MUSCATINE, Iowa — An local legislator from is setting his sights on another capitol — the one in Washington, D.C.
Iowa Rep. Mark Lofgren, 51, a two-term Republican lawmaker from Muscatine, plans to make his officials announcement Wednesday morning at Boonie’s on the Avenue in Muscatine and four other sites that he will run for the Republican nomination for the Second District congressional seat now held by Rep. Dave Loebsack, D-Iowa.
The public is invited to join Lofgren at Boonie's, 214 Iowa Ave., at 9 a.m.
Lofgren is the first Republican to declare his candidacy for Loebsack's seat. The Republican and Democratic primary elections will be held in June 2014.
“I have learned a lot from my constituents — both the supportive and the not-so-supportive ones,” he plans to say in the speech, which Lofgren’s wife, Paula, provided to the Muscatine Journal on Tuesday. “I often hear people comment that the two parties in Iowa don’t work well together. I can tell you from experience that this is just not the case.”
Reached in Des Moines Tuesday morning after attending a ceremony for Latino groups held at the Capitol, Lofgren said he didn’t give the decision to run much thought until after the 2013 legislative session ended last month.
“During the session I had different people talk to me saying this is something I should consider,” he said. “Obviously it was a very busy session and it became clear that I didn’t want to talk about it much until the session got squared away.”
He praised fellow legislators for their mentoring and encouragement, including former Rep. Jeff Kaufmann, R-Wilton, now a Cedar County supervisor; House Speaker Kraig Paulsen, R-Hiawatha; and Majority Leader Linda Upmeyer, R-Clear Lake.
“This may be the worst-kept secret in Iowa,” Kaufmann said by telephone Tuesday. “I almost hate to see him broaden his interest. He has been such a hard-working (state) legislator and an almost boundless advocate for Muscatine.”
“He’s also been pragmatic and willing to work with people on the other side. I think people in the Second District will see the same hard work and dedication that we have seen.”
Joe Hand, a spokesman for the man Lofgren hopes to challenge in November 2014, said Loebsack "has a proven track record of consistently looking for ways to reach across the aisle to actually get accomplished what Iowans are demanding." Hand confirmed that Loebsack plans to seek re-election for a fifth term.
Kaufmann said he hasn’t heard of other GOP candidates who plan to declare for the race. “I am sure there will be a primary, but I think Mark will be as competitive as any other Republican candidate,” he said. “It is difficult to beat an incumbent, but I don’t think Congressman Loebsack isn't as ingrained in the Second District as other (representatives) have become. I think voters, especially independent voters, will pause and look at both of them.”

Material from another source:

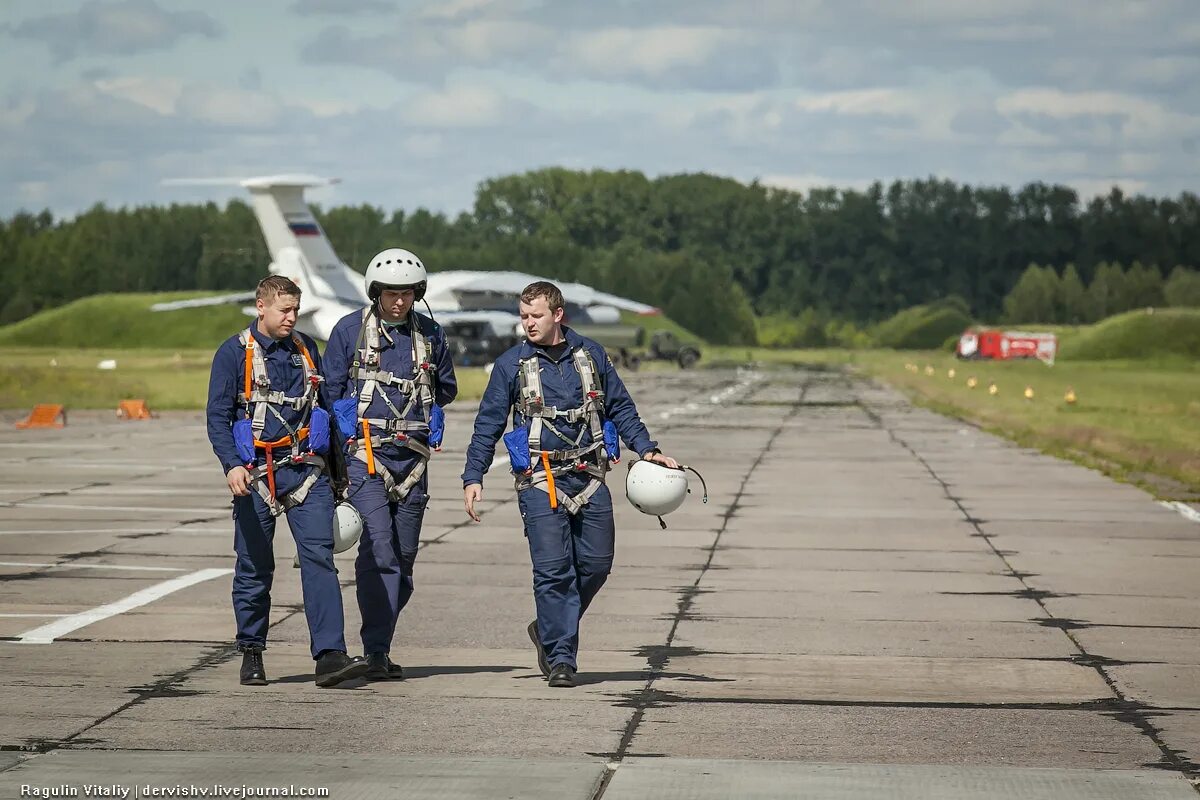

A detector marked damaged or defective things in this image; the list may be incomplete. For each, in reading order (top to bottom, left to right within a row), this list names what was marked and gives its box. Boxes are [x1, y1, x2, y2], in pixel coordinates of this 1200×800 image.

airfield pavement crack [585, 371, 811, 796]
airfield pavement crack [864, 386, 1200, 782]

Kaufmann called Lofgren “a unique politician who doesn’t waste time with things done for pure politics.”
“An open-minded shot,” he said, “is all a candidate can ask for.”
Lofgren, a lifelong resident of Muscatine with four children, said he’s taken an increasing interest in the state budget during the three years he’s been in office. “I think Iowa has done a good job” managing expenses and revenues, he said, “and we have a lot of good values in Iowa that will be good attributes in Washington, D.C.”
Another of those values is collaboration, he said.
“In Iowa, we are better at ironing problems out, but in Washington I don’t think they do,” he said. “I have tried hard (in the Appropriations Committee, which Lofgren served as vice-chair in 2013) to allow the other party to voice their opinions. You just get the five most liberal and five most conservative members out of the mix and the rest of us can work it out.”